By on September 7, 2015

Each week we round-up the top fishing news from the Northwest and beyond. Do you have a news tip? E-mail us at news /at/ salmonuniversity.com.

Oregon Approves 2016 Fishing Regulations


The Oregon Fish and Wildlife Commission approved the 2016 Oregon sport fishing regulations at its meeting in Seaside, Oregon on Friday. According to a press release, major changes adopted include:

  • Eliminating of the April trout opener – most of these waters will now be open year-round.
  • Setting the May trout opener at May 22 each year, ensuring that trout fishing statewide would always be open Memorial Day weekend.
  • Removing the bag limit on non-native brown and brook trout in streams statewide, though some exceptions will still apply.
  • Simplifying language, including replacing the terms “adipose fin-clipped” and “non adipose fin-clipped” with “hatchery” and “wild.”
  • Removing bag limits for warmwater fish in the Columbia, John Day and Umpqua rivers.

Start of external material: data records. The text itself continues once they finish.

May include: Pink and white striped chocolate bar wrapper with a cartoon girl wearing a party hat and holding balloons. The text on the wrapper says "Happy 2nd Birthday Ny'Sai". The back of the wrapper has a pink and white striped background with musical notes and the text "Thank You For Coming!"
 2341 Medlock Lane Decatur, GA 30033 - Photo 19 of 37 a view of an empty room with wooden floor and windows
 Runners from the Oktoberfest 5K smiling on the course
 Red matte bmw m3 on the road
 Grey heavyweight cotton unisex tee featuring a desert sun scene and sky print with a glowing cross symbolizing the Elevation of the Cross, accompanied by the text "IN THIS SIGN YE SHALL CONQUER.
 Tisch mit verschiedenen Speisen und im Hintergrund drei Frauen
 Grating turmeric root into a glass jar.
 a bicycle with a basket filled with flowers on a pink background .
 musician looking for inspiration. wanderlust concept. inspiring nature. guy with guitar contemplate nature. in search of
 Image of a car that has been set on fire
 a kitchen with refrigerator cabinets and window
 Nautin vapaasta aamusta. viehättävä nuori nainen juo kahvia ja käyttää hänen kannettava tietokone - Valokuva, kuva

The 2016 Oregon Sport Fishing Regulations will be available in early December 2015.

WDFW OKs Hatchery and Wild Coho Retention


As of Friday, Washington anglers have been able to retain both wild and hatchery coho in all four of the state’s ocean marine areas. The Washington Department of Fish and Wildlife (WDFW) previously limited anglers fishing in marine areas 1-4 to hatchery coho – marked with a missing adipose fin – to meet conservation goals for wild coho while extending fishing through the entire salmon season.

“With so much of the coho catch quota remaining this late in the season, we can allow anglers to keep both hatchery and wild coho without exceeding our conservation objectives for wild salmon,” said Doug Milward, ocean salmon manager for the WDFW, in a written statement.

Anglers have a two-salmon daily catch limit in all four marine areas off the Washington coast. Up to two chinook may be retained in Marine Area 1 (Ilwaco) and Marine Area 2 (Westport); anglers fishing off La Push (Marine Area 3) and west of the Bonilla-Tatoosh line off Neah Bay (Marine Area 4) can keep one chinook as well as two additional pink salmon as part of their daily catch limit.

Search on for Mystery Man with Salmon


A 1909 Asahel Curtis photograph showing a Washington cannery worker holding a large salmon has prompted a search to identify the man. Interest in the photograph was recently renewed after it was used by a local artist as the basis for a sculpture for Gig Harbor’s Harbor History Museum, the News-Tribune reports.

Curtis revealed little more about the photograph than the date he took it — Aug. 21, 1909 —and that it was taken in Bellingham. The salmon, he said, weighed 80 pounds.

Granum isn’t the only one wondering who the fisherman was.

“The question we’re asked most by visitors who see the bronze is, ‘Did the artist base it on someone in real life or was it a figment of his imagination?’” said Harbor History Museum manager Michelle Paulus.

Persons who know more about the photograph can contact the Harbor History Museum.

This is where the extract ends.